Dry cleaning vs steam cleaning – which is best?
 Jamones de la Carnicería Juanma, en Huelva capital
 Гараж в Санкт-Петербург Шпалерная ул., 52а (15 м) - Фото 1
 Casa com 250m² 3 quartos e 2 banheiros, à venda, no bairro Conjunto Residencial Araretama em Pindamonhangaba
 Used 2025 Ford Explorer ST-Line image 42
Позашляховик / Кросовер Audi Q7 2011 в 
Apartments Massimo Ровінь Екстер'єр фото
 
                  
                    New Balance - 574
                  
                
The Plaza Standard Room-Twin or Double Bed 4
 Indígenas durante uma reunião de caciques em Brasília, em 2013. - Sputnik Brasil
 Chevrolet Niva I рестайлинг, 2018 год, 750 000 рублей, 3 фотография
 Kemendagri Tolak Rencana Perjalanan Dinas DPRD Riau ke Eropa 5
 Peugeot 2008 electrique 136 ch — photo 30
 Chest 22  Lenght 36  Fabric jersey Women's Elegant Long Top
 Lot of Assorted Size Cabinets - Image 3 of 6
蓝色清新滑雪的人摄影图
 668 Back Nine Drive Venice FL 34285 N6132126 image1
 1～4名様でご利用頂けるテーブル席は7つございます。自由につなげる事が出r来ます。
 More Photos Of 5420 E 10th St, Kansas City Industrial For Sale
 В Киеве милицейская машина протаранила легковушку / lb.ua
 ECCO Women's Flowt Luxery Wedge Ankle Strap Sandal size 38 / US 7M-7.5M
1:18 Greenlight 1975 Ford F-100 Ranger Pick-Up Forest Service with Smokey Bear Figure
+ + + + +
● **Description of the task**
An exact copy of the entries from the line containing "蓝色清新滑雪的人摄影图" through the last line is the expected answer.

● **Written solution**
蓝色清新滑雪的人摄影图
 668 Back Nine Drive Venice FL 34285 N6132126 image1
 1～4名様でご利用頂けるテーブル席は7つございます。自由につなげる事が出r来ます。
 More Photos Of 5420 E 10th St, Kansas City Industrial For Sale
 В Киеве милицейская машина протаранила легковушку / lb.ua
 ECCO Women's Flowt Luxery Wedge Ankle Strap Sandal size 38 / US 7M-7.5M
1:18 Greenlight 1975 Ford F-100 Ranger Pick-Up Forest Service with Smokey Bear Figure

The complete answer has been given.